** DATA IN THIS EXERCISE follows **
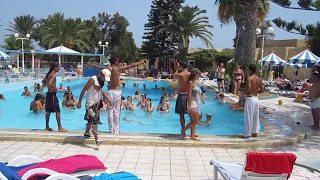 Hotel Abou Sofiane Resort - Port El Kantaoui, Tunisia. Attività in piscina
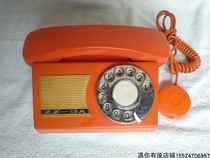 Good appearance function early production dial dial dial telephone non-hand-crank collection of nostalgic old-fashioned second-hand items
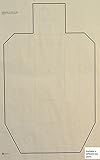 Official USPA/IPSC Practice Target 20" x 32"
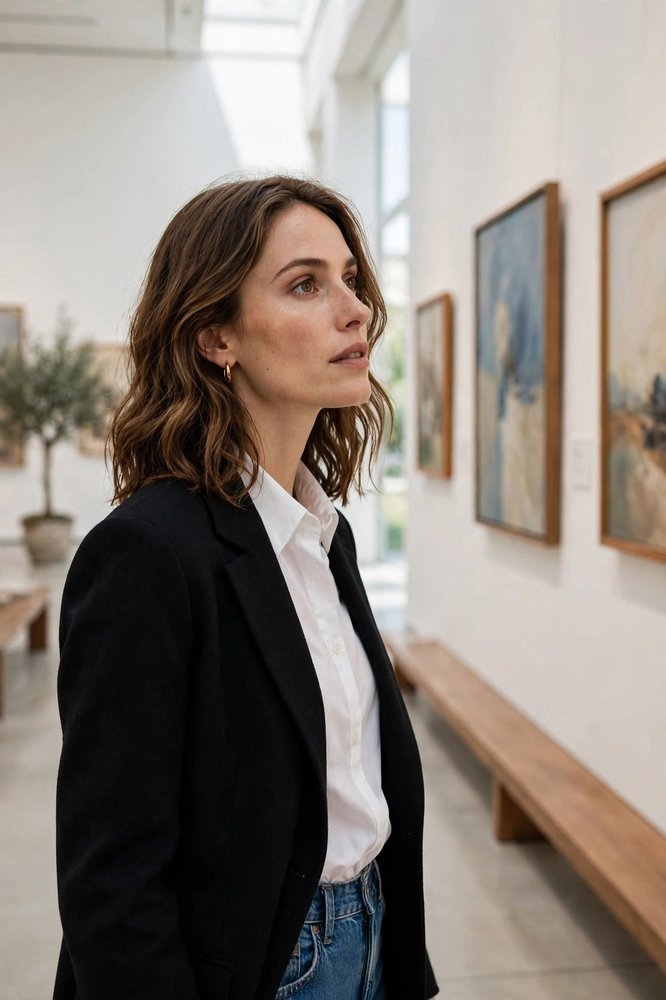 20 Museum Outfit Ideas With Jeans, Pretty Skirts and Simple Layers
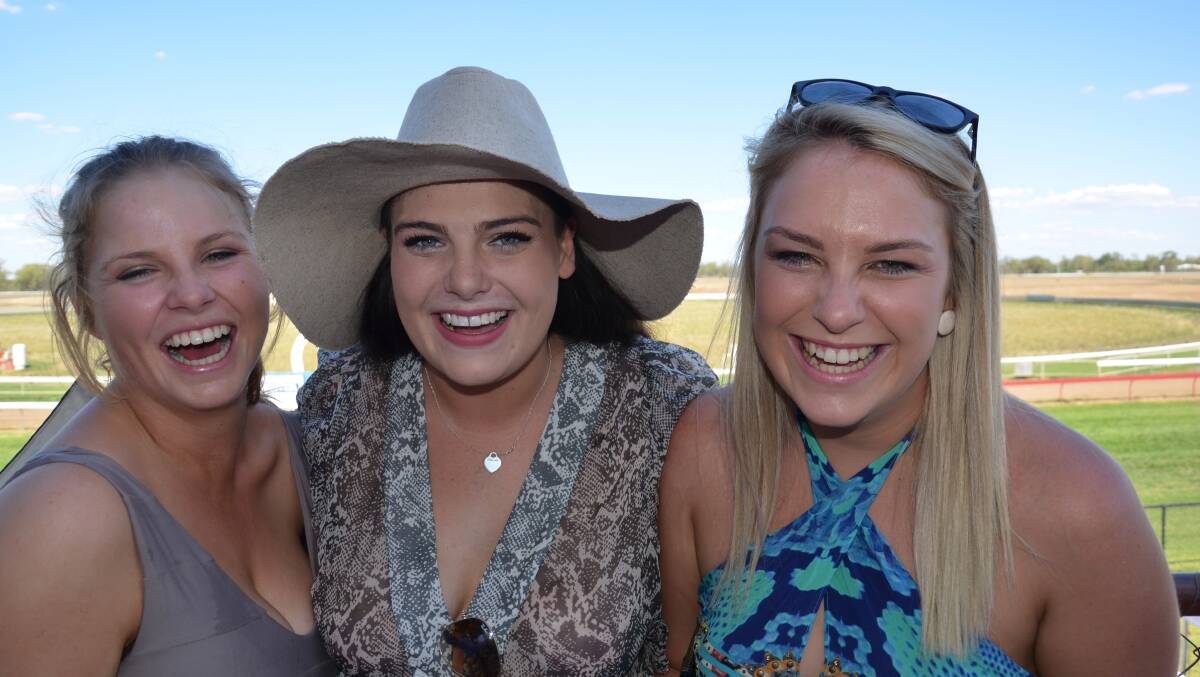 More than 4000 people made the trip to the Moree races this year for one of the cooler days in summer.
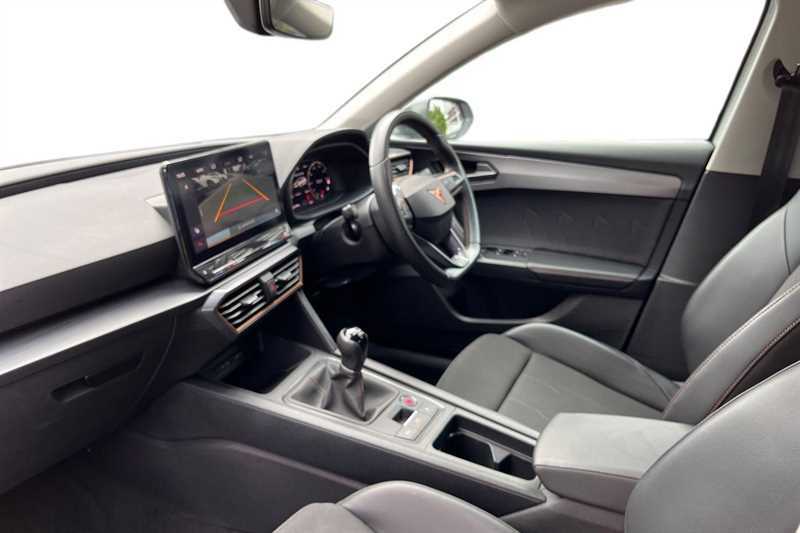 Cupra Leon 1.5 Tsi V1 White #2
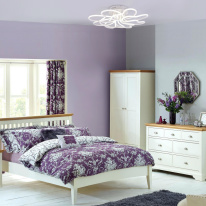 Накладная люстра Eurosvet 90135/8 белый в интернет магазине Гет Лайт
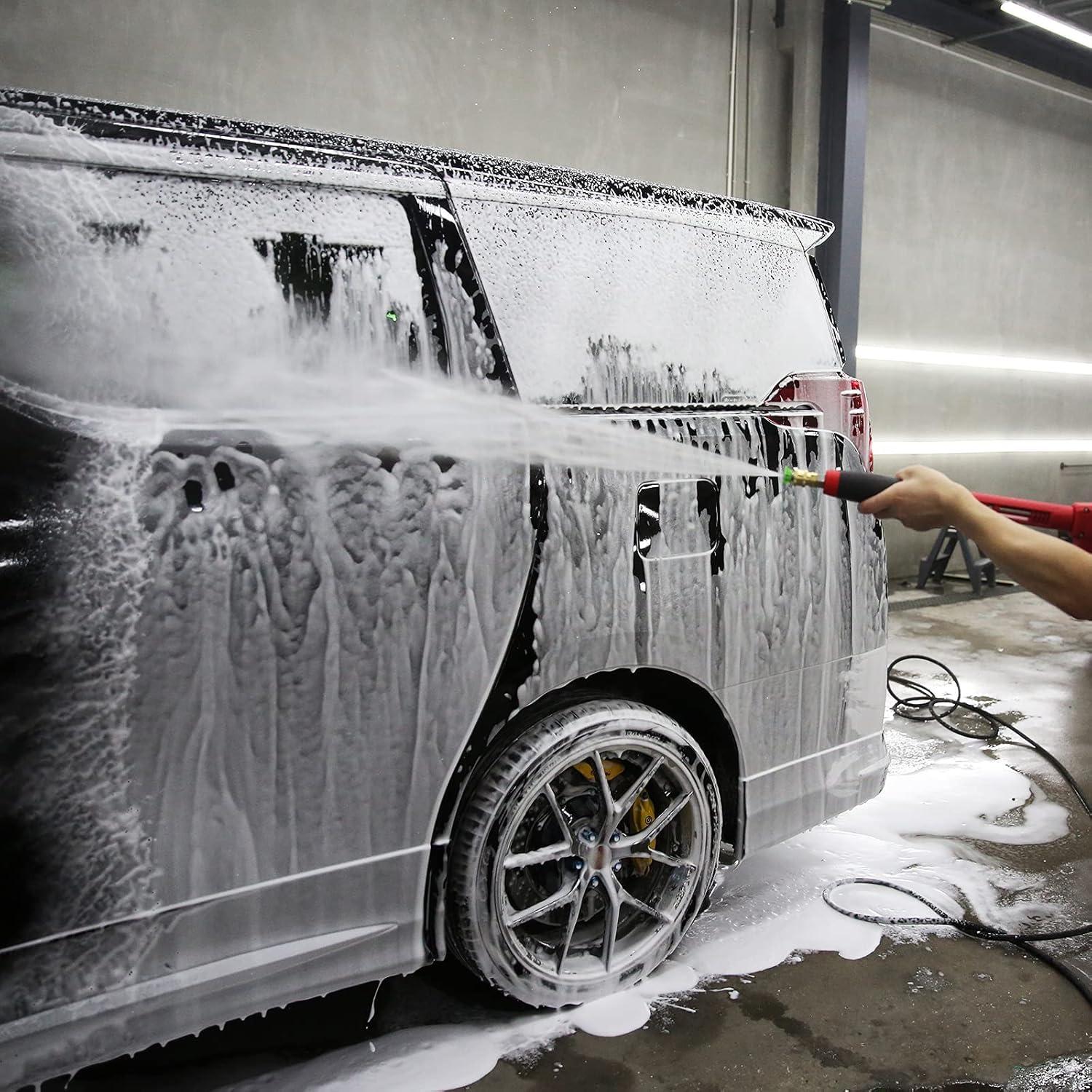 Pistola de Lavado a Presión CHAVOR 5000 PSI con Varilla Extensible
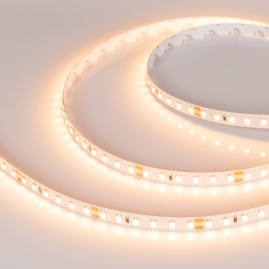 Светодиодная лента Arlight 9,6W/m 120LED/m 2835SMD теплый белый 5M RT-A120-8mm 24V Warm2700 CRI98 021417(2)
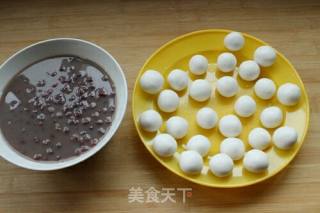 Red Bean Paste Dumplings recipe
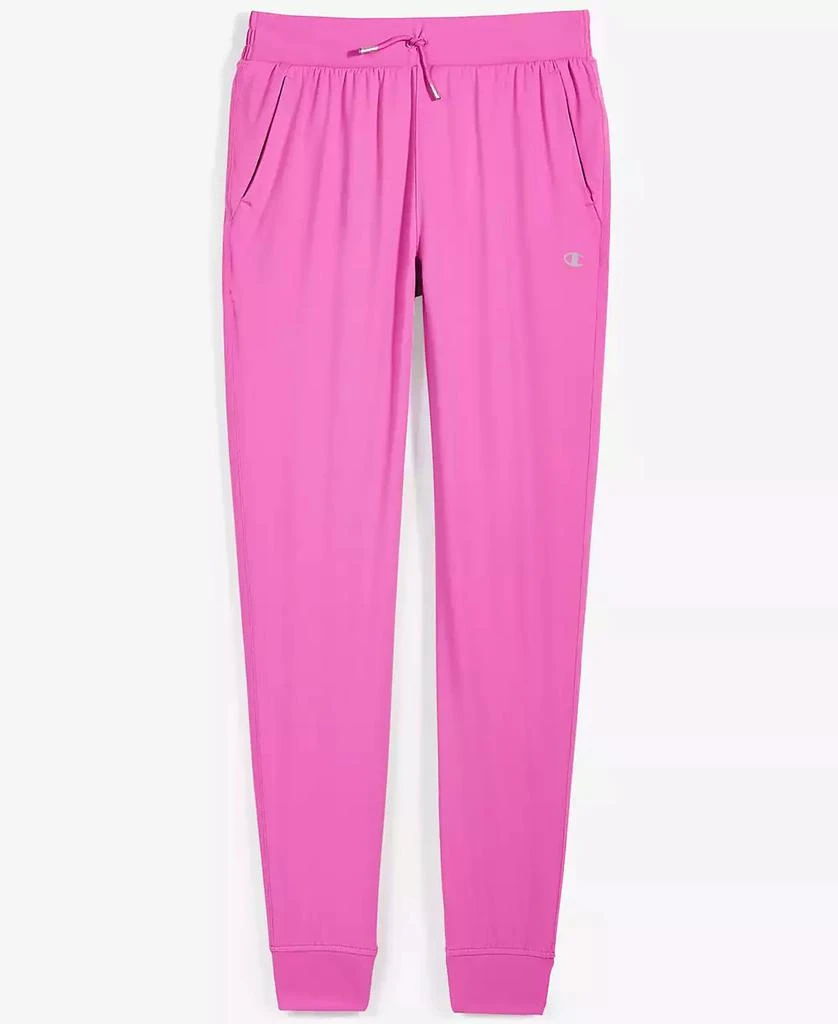 CHAMPION Big Girls Logo Classic Stretch Joggers 5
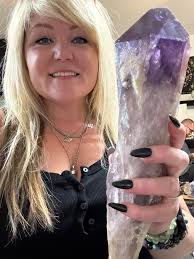 Newest bunch. I saw the orca and had to get her. My usual seller had a  bunch of fire and ice quartz. I'll do a video when we have sun as she's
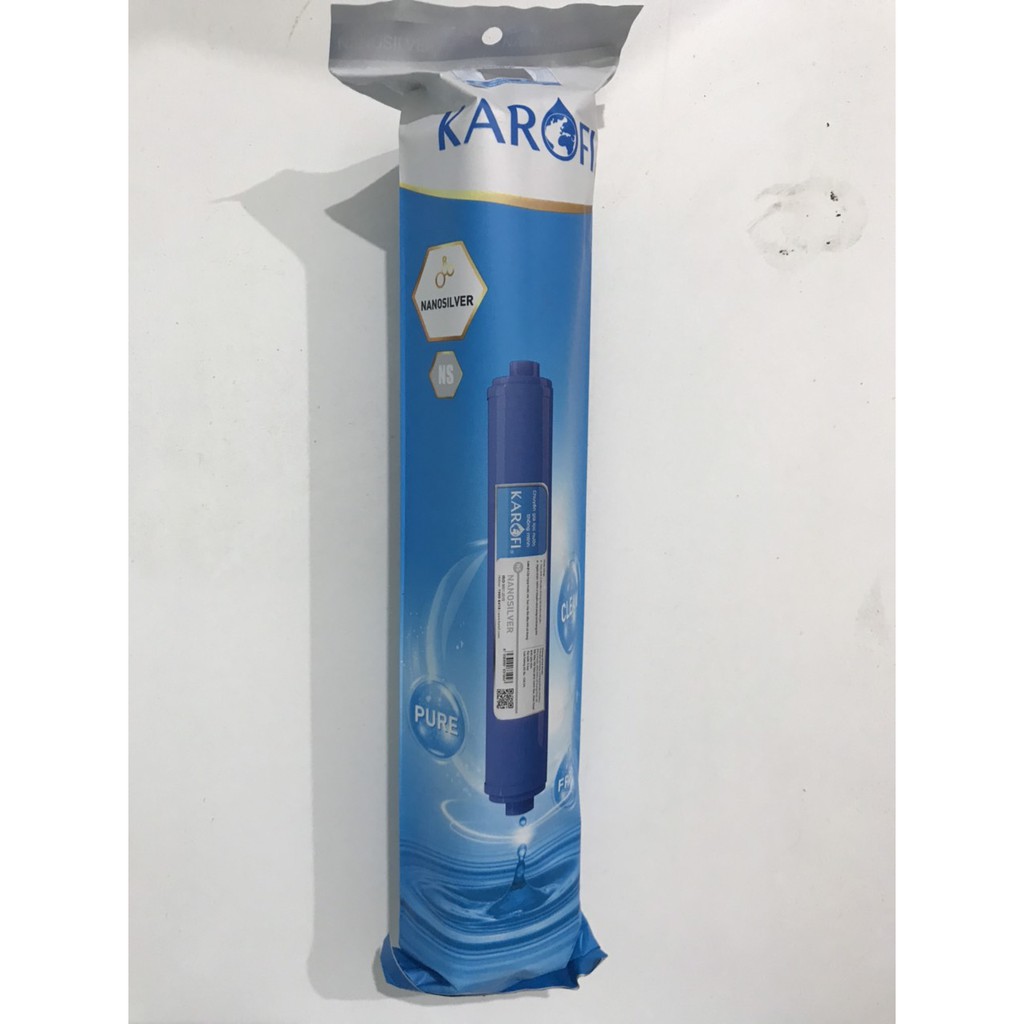 Combo 5 lõi lọc KHOÁNG số 5_6_7_8_9 Karofi -  Gồm T33_GAC_MINERAL_FAR INFRARED_NANO_ORP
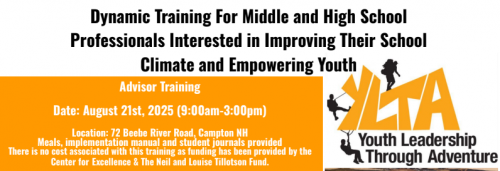 ylta training details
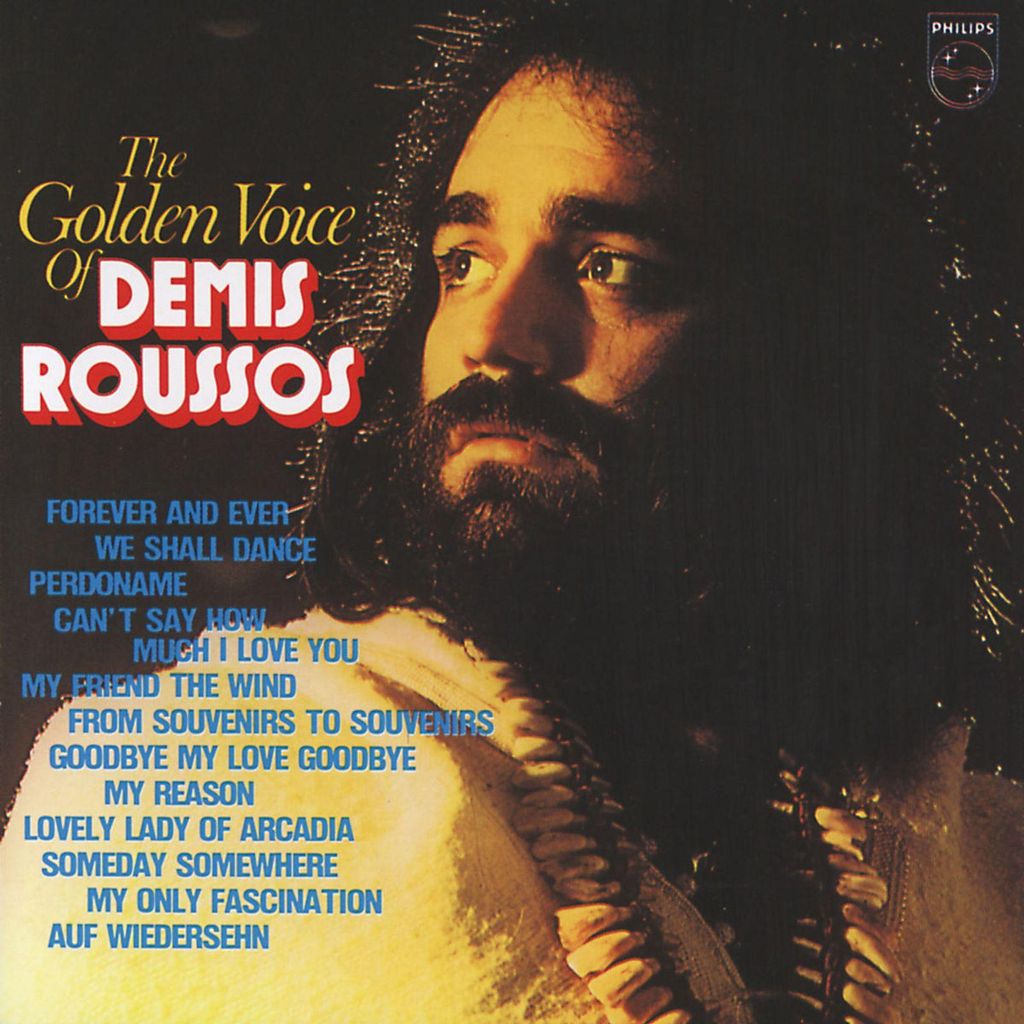 Roussos,Demis-The Golden Voice Of...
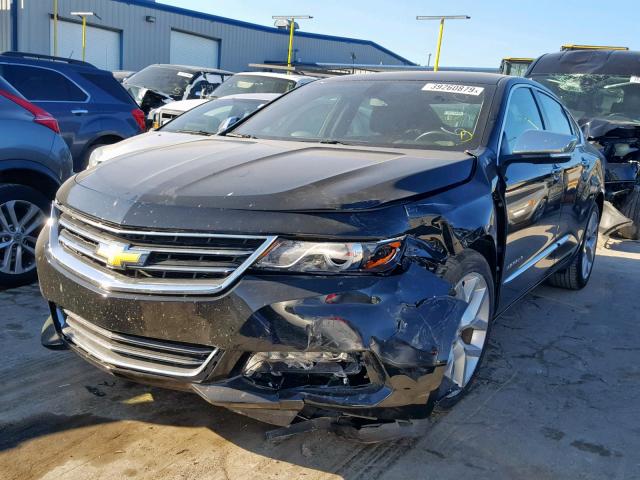 2G1125S36J9147491 - 2018 CHEVROLET IMPALA PRE BLACK photo 2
** End of DATA IN THIS EXERCISE **
▸ **WHAT TO WORK ON**
An exact reprint of the records above is required, with all pictures left out.

▸ **YOUR SOLUTION**
 Hotel Abou Sofiane Resort - Port El Kantaoui, Tunisia. Attività in piscina
 Good appearance function early production dial dial dial telephone non-hand-crank collection of nostalgic old-fashioned second-hand items
 Official USPA/IPSC Practice Target 20" x 32"
 20 Museum Outfit Ideas With Jeans, Pretty Skirts and Simple Layers
 More than 4000 people made the trip to the Moree races this year for one of the cooler days in summer.
 Cupra Leon 1.5 Tsi V1 White #2
 Накладная люстра Eurosvet 90135/8 белый в интернет магазине Гет Лайт
 Pistola de Lavado a Presión CHAVOR 5000 PSI con Varilla Extensible
 Светодиодная лента Arlight 9,6W/m 120LED/m 2835SMD теплый белый 5M RT-A120-8mm 24V Warm2700 CRI98 021417(2)
 Red Bean Paste Dumplings recipe
 CHAMPION Big Girls Logo Classic Stretch Joggers 5
 Newest bunch. I saw the orca and had to get her. My usual seller had a  bunch of fire and ice quartz. I'll do a video when we have sun as she's
 Combo 5 lõi lọc KHOÁNG số 5_6_7_8_9 Karofi -  Gồm T33_GAC_MINERAL_FAR INFRARED_NANO_ORP
 ylta training details
 Roussos,Demis-The Golden Voice Of...
 2G1125S36J9147491 - 2018 CHEVROLET IMPALA PRE BLACK photo 2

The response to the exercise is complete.